■ **Activity**
Copy the records below exactly, starting at the line that contains "4833 Harper Dr, Mesquite, TX, 75150-1853" and ending at the line that contains "Child Education"; leave out any pictures.

■ **Exercise material**

┌────────

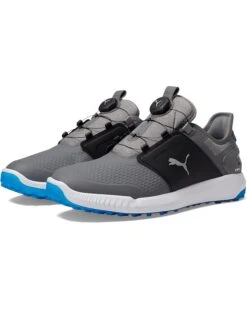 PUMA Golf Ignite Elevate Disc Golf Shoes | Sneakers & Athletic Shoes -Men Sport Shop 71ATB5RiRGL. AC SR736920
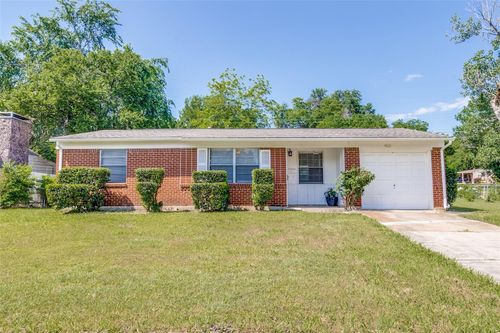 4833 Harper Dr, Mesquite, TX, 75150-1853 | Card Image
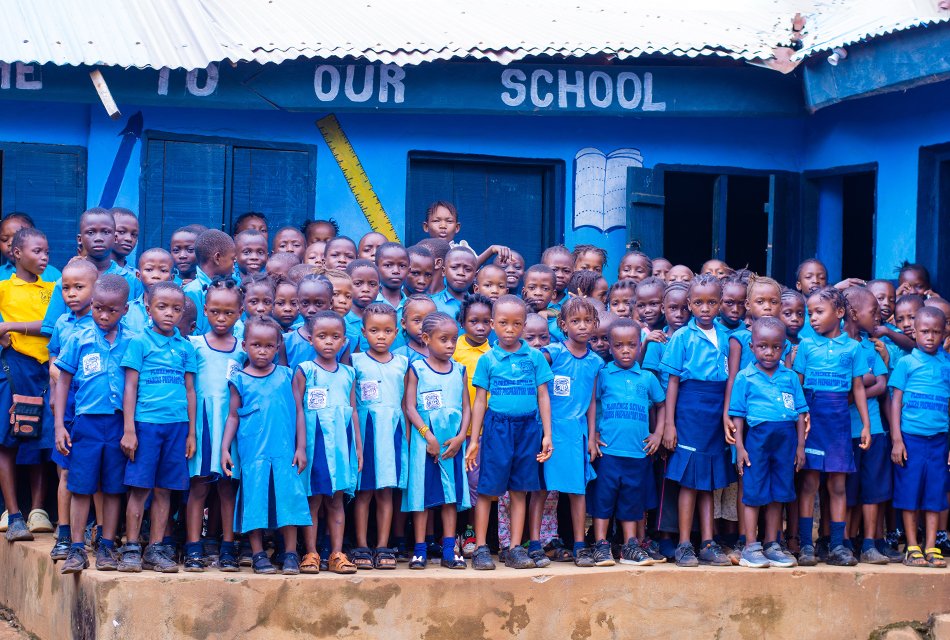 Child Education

└────────
┌────────

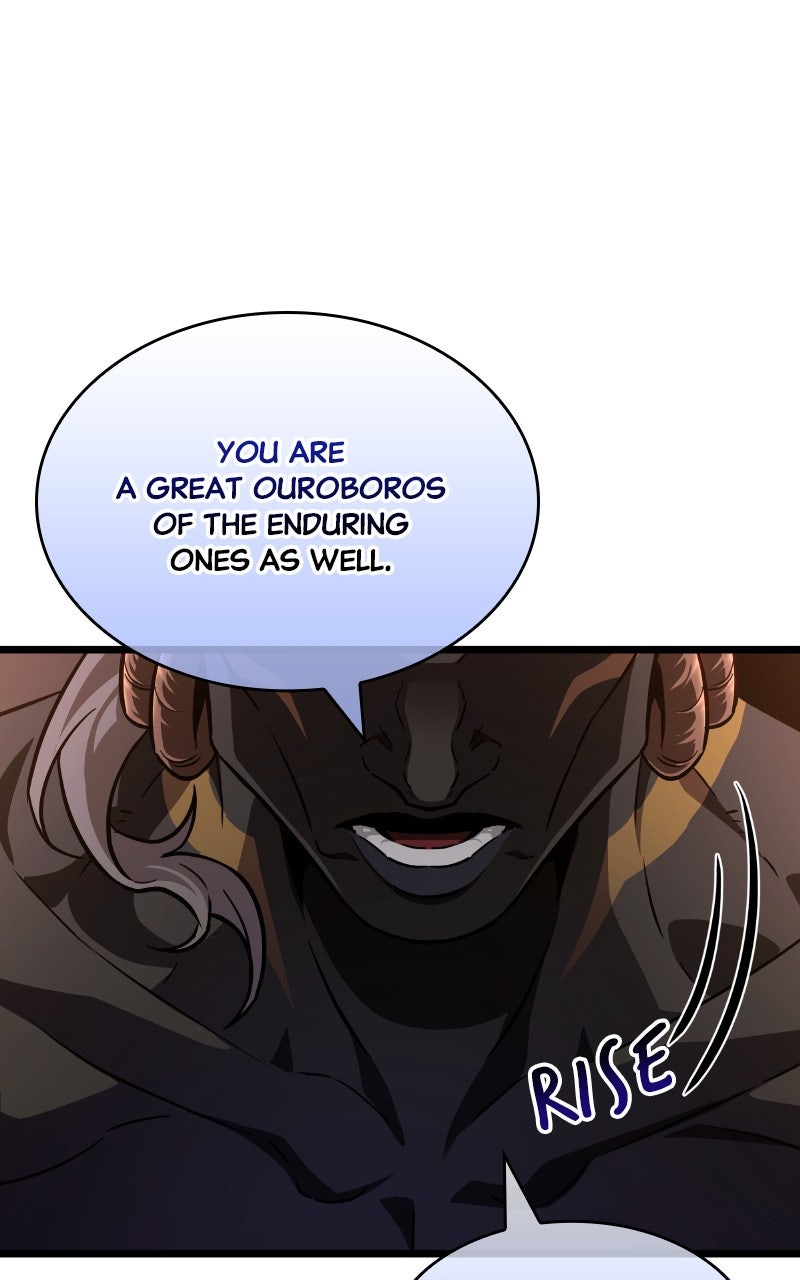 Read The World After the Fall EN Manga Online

└────────

■ **Response to this exercise**
 4833 Harper Dr, Mesquite, TX, 75150-1853 | Card Image
 Child Education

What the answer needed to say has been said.